By the time Tony took up the idea, in 1995, he hoped that circumstances might be more propitious. The Minister for Transport, Michael Lowry, was a fellow-Tipp man, and, although they weren’t particularly close, Tony was essentially taking a Fine Gael idea to him. On 18 May, Tony received the pamphlet ‘Dublin City Airport’ and immediately despatched one to Lowry’s house in Tipperary.
The concept was launched on Pat Kenny’s show on RTE two days later and marked the beginning of a round of media interviews to drum up support for the idea. That fact alone demonstrated Tony’s commitment to the project. Although he would very occasionally venture out onto the RTE News or give the odd interview to a journalist, Tony didn’t like or seek the media spotlight.
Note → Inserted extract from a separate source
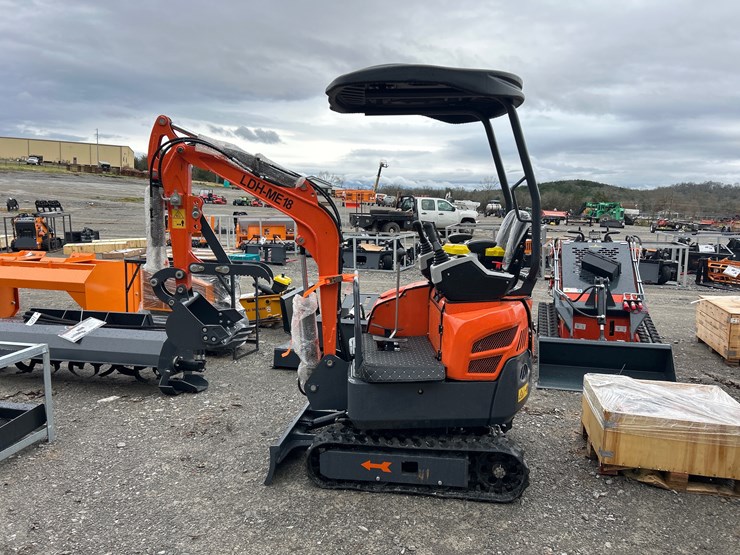 #109-•-2025-land-hero-ldh-me18-mini-excavator-image-3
This meant he was often not the best advocate for his own ideas or projects, as had been seen during the run-up to the IPO in 1992, when journalists had observed how he bridled under questioning about the health of GPA. That Tony was now prepared to appear on a ‘magazine’ talk show with Kenny, who was bound to ask questions about how he had been affected by the GPA collapse, signalled to those who knew him well that Baldonnel, like Ryanair, was a project involving the heart as well as the head.
Tony handled the inevitable GPA questions with a lightness of touch that he rarely displayed when dealing with the media. He told how, after the failed flotation, he had gone to Spain to recover and had spent his time running up and down the beach to lose weight. ‘Some asked later how much I lost,’ he now joked, ‘and I said, “Three hundred million dollars, and twenty pounds”.’
Press reaction to the Baldonnel scheme was overwhelmingly positive. So too was opinion in the Baldonnel area. Tony commissioned Lansdowne Market Research to poll local people on the issue, and it showed that 80 per cent of those asked believed that the airport would bring new jobs into the area. Only 14 per cent opposed the idea, on the grounds of additional noise and traffic.
Tony bombarded ministers and TDs with brochures and personal letters. The Minister for Finance, Ruairí Quinn, replied encouragingly, ‘I spoke to Declan [Ryan] about this’, adding that he would ‘be in touch with you soon’. A meeting with the minister followed in the Department of Finance in June. Hugh Coveney, the soon-to-be-demoted Minister for Defence, with oversight of the airfield, also confirmed that ‘in principle, I think it’s an excellent concept.’
Similarly, many in the business world sensed an opportunity. Michael Smurfit wrote to say that the project was ‘very imaginative and one which I would support 100 per cent.’ He promised to raise the matter ‘when I meet with the ministers.’ Tony was also able to tell the minister himself that he had been ‘approached by a major Irish developer [Tom Roche, Snr, of CRH] who wished to invest in the project.’
Lowry suggested that Tony should meet Derek Keogh, chief executive of Aer Rianta, ‘to endeavour to find a possible working relationship.’ At that meeting Tony outlined how ‘the Ryanair Group and its investors would build a larger passenger terminal at Baldonnel’ than the proposed new terminal at Dublin Airport. The development would represent an estimated saving for the state of £300–400 million. There would be no disruption to Dublin Airport. The aim of the new venture would be to ‘allow Ryanair to continue to offer low fares both to the UK and in the near future to the continent.’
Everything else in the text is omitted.